If you suffer from Seasonal Affective Disorder (SAD), I respect the legitimacy of your disorder and don’t deem myself worthy of offering advice. While I have first-hand experience with depression, it’s never been seasonal and I’m no expert on the matter.
If, however, you simply find yourself feeling a little bummed given the reality of shorter days combined with frequent rain, sleet and snow, I’d like to share three little words that I am coming back to as the big chill officially sets in. They are my mantra; the words I turn to for strength so that I can make it through a Canadian winter with my sunny disposition intact.
Weather is weather.
“No shit, Sherlock,” you may say. Yes, I know, I’ve just stated the obvious, but let me tell you the story behind the words that have become a favourite mantra of mine.
My Grandma Berta, may she rest in peace, passed away just shy of her 103rd birthday. While I didn’t chat with her often enough (hindsight is 20/20, isn’t it?), we did enjoy frequent long-distant calls between her home in England and mine in Canada. Besides weekly visits with my parents, she didn’t get out and about much so she had little news to share with me. Instead, she took joy in listening to me ramble away — about my work, my husband, my daughter, and even my dog. And of course, she would always ask about the weather. It’s what we do, right?
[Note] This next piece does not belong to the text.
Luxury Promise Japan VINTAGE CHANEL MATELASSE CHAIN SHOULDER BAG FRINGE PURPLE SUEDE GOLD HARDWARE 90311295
Living in a country of extremes, I would tell her about the heat and humidity, the cold and the windchill factor, the sun, sleet, rain, slush and snow. And at the end of every meteorological update, regardless of its contents, she would say to me, “oh well, weather is weather.” Or more precisely, “oh vell, veder is veder.” (She had a strong Hungarian accent.)
Those three little words always made me smile, but I don’t think I truly took them on board until she died. From then on, every time she came to mind, so did her words. In fact, they were so prominent after her passing that I decided to designate them her legacy to me.
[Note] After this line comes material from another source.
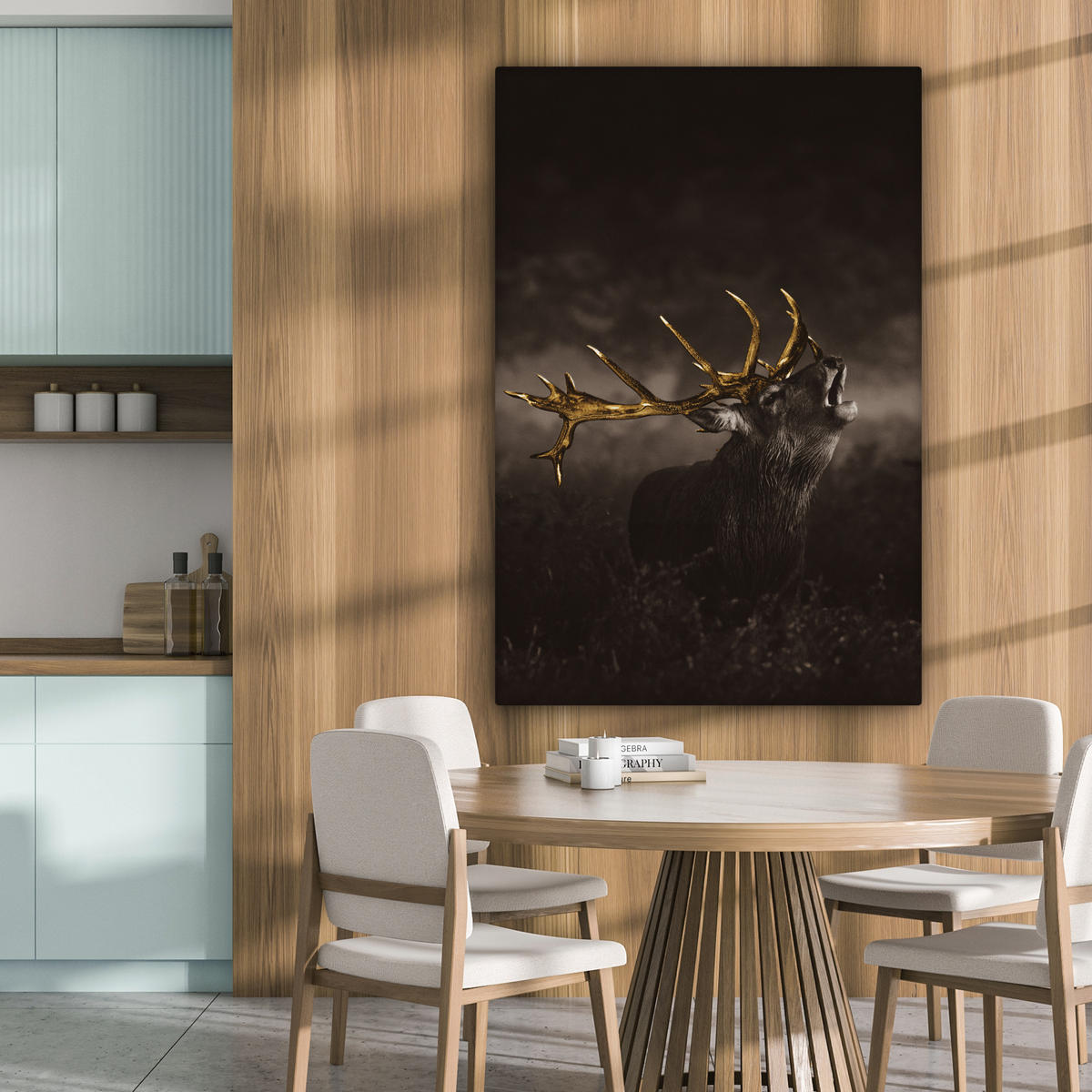 LEINWANDBILD Rotwild - Schwarz - Gold 80x120 cm - Braun, Textil (80/120cm) - MuchoWow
Despite her stormy past, she had a sunny disposition.
My grandma had a sister called Rosie. Her life was anything but. Yes, she lived a long and healthy life. But she was long-predeceased by her husband, her siblings, and even one of her sons. And that was just the latter part of her life. The early part was no picnic.
I’ll spare you the details because this post is about the weather, not the Holocaust. Suffice to say she experienced more suffering than those who haven’t walked a similar path could ever imagine. A path along which her survival was dependent on her inner strength because she could not control the outside elements. A path that can’t help but teach you not to sweat the small stuff, albeit in the harshest way. One that taught me to pursue a sunny disposition, whatever the weather.
And so it is that I find myself revisiting and updating this post in the hopes of reminding myself (and perhaps you) that a sunny disposition has everything to do with the heart and nothing to do with the elements.
Remember, there is no such thing as bad weather; just bad gear.
Don’t miss out on the blessings of today and wish away the time by longing desperately for spring and summer. If you do that, next winter will be here before you know it and we haven’t got through this one yet!
Wishing you joy and happiness, vudever de veder!